En résumé, l’inscription rapportée par M. de Saulcy est l’épitaphe d’une reine ; c’est l’épitaphe d’une Syrienne ; c’est l’épitaphe d’une juive ; cette épitaphe a été tracée vers l’époque de notre ère. Conclure de là qu’elle est l’épitaphe d’une princesse de la famille royale d’Adiabène convertie au judaïsme est une conséquence presque inévitable, surtout si l’on se rappelle qu’avant la découverte de notre inscription on était incliné par les raisons les plus fortes à voir dans les « Tombeaux des rois » le tombeau de la famille dont nous venons de parler.

On ne peut donc placer trop haut l’importance de la découverte faite par notre confrère.
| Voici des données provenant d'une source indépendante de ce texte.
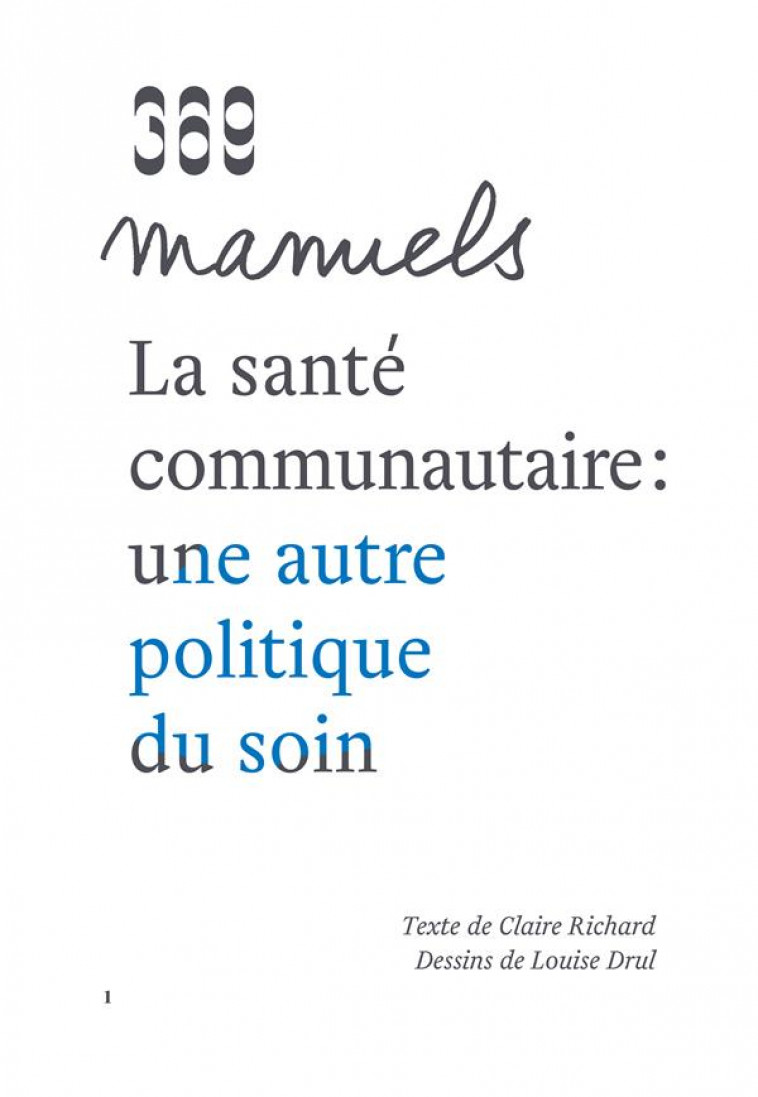 LA SANTE COMMUNAUTAIRE : UNE AUTRE POLITIQUE DU SOIN - RICHARD/DRUL - DU LUMIGNON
Elle nous apprend des choses capitales : 1° elle résout à peu près le problème archéologique du curieux monument appelé les « Tombeaux des rois, » et elle donne ainsi une base chronologique solide à l’histoire de l’art juif ; 2° elle nous donne le plus ancien spécimen que l’on possède de l’estranghelo, et elle enrichit la paléographie araméenne d’un texte important ; 3° elle ajoute un numéro de plus à l’épigraphie hébraïque, malheureusement si limitée ; elle prouve en particulier que, dès le premier siècle de notre ère, les ligatures et la séparation des mots existaient dans l’alphabet carré comme dans l’alphabet es-

  1. Marinus Sanutus, Secreta fidel. Crucis, III, xiv, 9.
  2. La polygamie régnait dans cette famille. (Jos. Ant. XX, ii, 4.)